■ TASK DESCRIPTION:
In the listing below, find the line with "ประกาศฟรี! ซื้อ-ขาย-เช่า คอนโด" and the line with "VW Original Vis 6 Pans - N 90517304", then return them and every line between them exactly, minus the pictures.

■ EXERCISE INPUT:
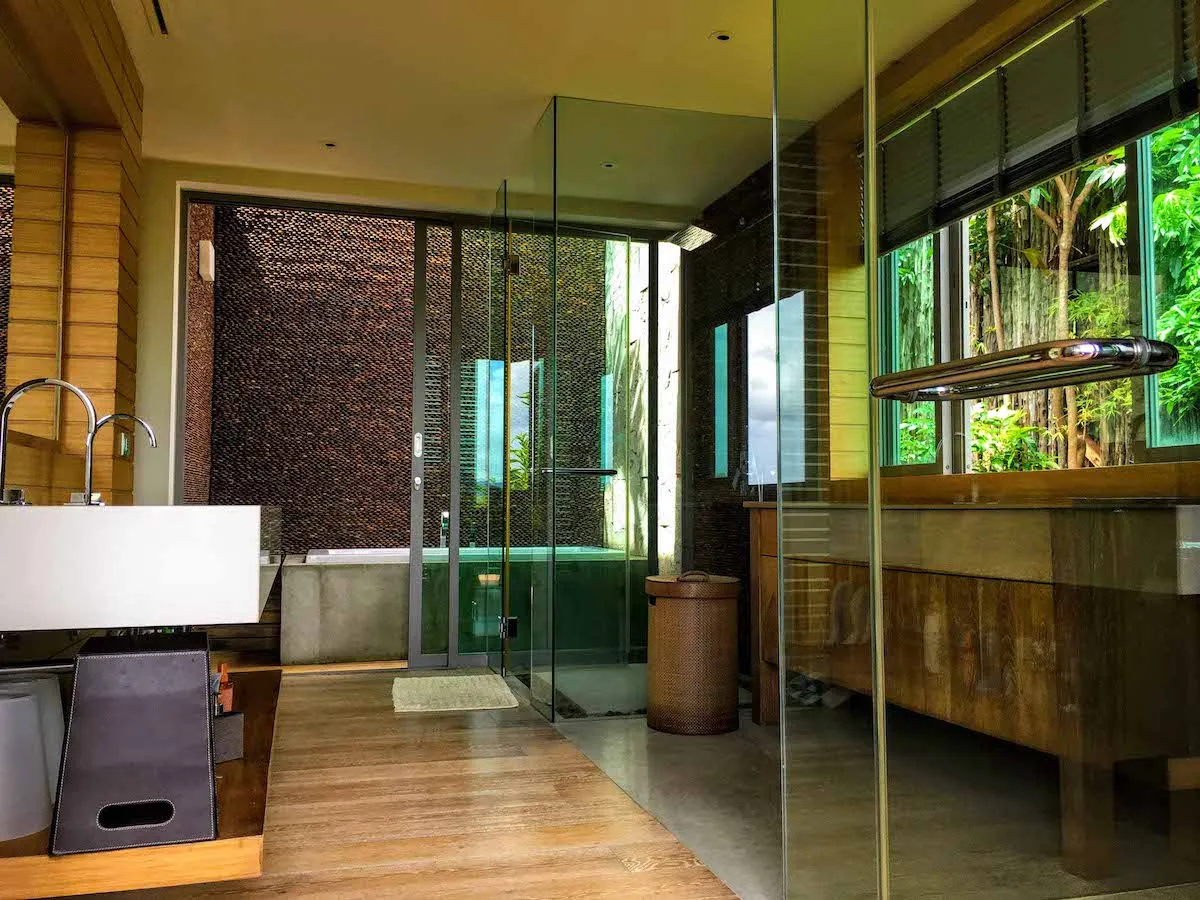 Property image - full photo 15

...

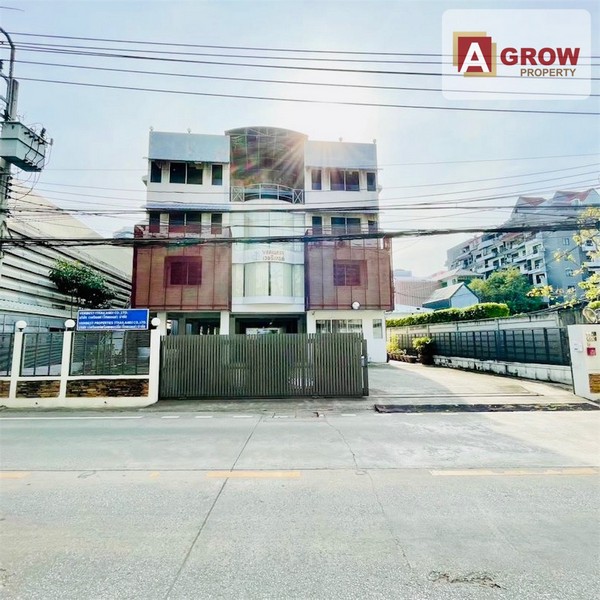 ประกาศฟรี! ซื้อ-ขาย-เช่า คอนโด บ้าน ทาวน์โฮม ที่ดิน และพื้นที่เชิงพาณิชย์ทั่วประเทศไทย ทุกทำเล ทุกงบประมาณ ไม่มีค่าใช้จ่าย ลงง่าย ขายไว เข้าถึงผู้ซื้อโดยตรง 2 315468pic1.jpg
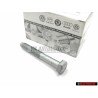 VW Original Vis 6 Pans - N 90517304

■ WRITTEN SOLUTION:
 ประกาศฟรี! ซื้อ-ขาย-เช่า คอนโด บ้าน ทาวน์โฮม ที่ดิน และพื้นที่เชิงพาณิชย์ทั่วประเทศไทย ทุกทำเล ทุกงบประมาณ ไม่มีค่าใช้จ่าย ลงง่าย ขายไว เข้าถึงผู้ซื้อโดยตรง 2 315468pic1.jpg
 VW Original Vis 6 Pans - N 90517304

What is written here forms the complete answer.